Entries follow. Give back exactly the lines starting at the one containing "38岁张馨予最新穿搭：微卷发+一字肩打底衫，大气明媚 何捷好福气" and ending at the one containing "Used 2022 Ford", and no other lines.

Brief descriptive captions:
● ● ● ● ● ● ●

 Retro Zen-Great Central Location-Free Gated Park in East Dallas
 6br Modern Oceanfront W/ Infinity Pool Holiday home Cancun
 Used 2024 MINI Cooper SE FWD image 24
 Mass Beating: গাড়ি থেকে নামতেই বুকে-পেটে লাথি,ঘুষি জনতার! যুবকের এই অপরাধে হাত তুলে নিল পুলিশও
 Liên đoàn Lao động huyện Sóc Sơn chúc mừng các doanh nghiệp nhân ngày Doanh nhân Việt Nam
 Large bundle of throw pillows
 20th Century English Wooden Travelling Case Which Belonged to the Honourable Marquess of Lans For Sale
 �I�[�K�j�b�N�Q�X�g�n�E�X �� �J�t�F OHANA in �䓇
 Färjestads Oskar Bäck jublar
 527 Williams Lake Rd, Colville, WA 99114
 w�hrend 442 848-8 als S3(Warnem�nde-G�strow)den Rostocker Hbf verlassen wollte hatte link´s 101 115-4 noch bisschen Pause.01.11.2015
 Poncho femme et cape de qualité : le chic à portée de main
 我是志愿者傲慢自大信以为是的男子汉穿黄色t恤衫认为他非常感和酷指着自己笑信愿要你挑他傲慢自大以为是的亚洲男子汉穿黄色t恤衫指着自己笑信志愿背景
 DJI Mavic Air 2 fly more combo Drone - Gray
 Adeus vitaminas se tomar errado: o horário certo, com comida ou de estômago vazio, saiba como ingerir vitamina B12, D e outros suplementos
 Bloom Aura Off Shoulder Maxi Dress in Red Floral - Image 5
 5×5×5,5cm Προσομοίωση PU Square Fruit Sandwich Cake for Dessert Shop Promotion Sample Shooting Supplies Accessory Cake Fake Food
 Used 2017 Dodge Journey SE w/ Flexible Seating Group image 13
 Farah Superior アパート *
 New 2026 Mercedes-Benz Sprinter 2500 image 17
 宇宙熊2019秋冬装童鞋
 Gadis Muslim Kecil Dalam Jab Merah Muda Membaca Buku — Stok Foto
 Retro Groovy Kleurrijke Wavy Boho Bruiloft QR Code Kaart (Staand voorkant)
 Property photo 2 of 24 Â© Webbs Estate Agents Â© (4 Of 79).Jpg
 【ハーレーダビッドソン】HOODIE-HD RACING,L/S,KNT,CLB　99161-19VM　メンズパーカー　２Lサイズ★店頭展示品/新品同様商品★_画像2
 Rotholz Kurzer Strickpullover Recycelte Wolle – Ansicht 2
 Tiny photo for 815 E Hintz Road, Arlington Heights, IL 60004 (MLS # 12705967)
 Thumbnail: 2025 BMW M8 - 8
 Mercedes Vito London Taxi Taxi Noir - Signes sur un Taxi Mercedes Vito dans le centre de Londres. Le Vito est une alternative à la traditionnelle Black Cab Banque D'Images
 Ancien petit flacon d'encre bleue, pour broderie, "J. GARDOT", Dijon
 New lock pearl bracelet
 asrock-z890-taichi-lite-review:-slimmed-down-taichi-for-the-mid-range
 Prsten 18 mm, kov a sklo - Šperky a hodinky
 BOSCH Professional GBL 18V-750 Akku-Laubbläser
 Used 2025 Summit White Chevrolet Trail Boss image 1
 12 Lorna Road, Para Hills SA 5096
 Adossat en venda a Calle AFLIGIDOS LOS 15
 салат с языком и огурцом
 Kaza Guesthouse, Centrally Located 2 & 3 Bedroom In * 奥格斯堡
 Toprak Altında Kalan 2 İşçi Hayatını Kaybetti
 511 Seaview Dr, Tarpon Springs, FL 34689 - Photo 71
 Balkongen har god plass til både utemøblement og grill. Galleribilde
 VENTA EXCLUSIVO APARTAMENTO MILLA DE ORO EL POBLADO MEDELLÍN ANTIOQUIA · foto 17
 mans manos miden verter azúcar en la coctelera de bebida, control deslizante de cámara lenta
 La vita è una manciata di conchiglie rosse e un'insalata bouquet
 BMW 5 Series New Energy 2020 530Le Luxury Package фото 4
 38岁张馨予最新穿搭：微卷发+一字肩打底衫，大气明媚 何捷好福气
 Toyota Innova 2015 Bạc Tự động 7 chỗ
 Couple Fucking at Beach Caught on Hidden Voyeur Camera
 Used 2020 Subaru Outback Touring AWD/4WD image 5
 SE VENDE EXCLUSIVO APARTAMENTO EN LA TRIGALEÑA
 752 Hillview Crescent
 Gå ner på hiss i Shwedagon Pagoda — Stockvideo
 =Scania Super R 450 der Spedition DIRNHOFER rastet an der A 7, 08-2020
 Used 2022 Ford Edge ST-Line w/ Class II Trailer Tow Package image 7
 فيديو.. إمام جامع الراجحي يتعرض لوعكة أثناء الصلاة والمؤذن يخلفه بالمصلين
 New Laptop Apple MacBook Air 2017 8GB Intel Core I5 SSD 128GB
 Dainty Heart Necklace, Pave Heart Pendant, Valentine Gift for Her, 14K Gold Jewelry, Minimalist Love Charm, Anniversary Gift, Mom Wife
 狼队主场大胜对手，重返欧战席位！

● ● ● ● ● ● ●

#### Response:
 38岁张馨予最新穿搭：微卷发+一字肩打底衫，大气明媚 何捷好福气
 Toyota Innova 2015 Bạc Tự động 7 chỗ
 Couple Fucking at Beach Caught on Hidden Voyeur Camera
 Used 2020 Subaru Outback Touring AWD/4WD image 5
 SE VENDE EXCLUSIVO APARTAMENTO EN LA TRIGALEÑA
 752 Hillview Crescent
 Gå ner på hiss i Shwedagon Pagoda — Stockvideo
 =Scania Super R 450 der Spedition DIRNHOFER rastet an der A 7, 08-2020
 Used 2022 Ford Edge ST-Line w/ Class II Trailer Tow Package image 7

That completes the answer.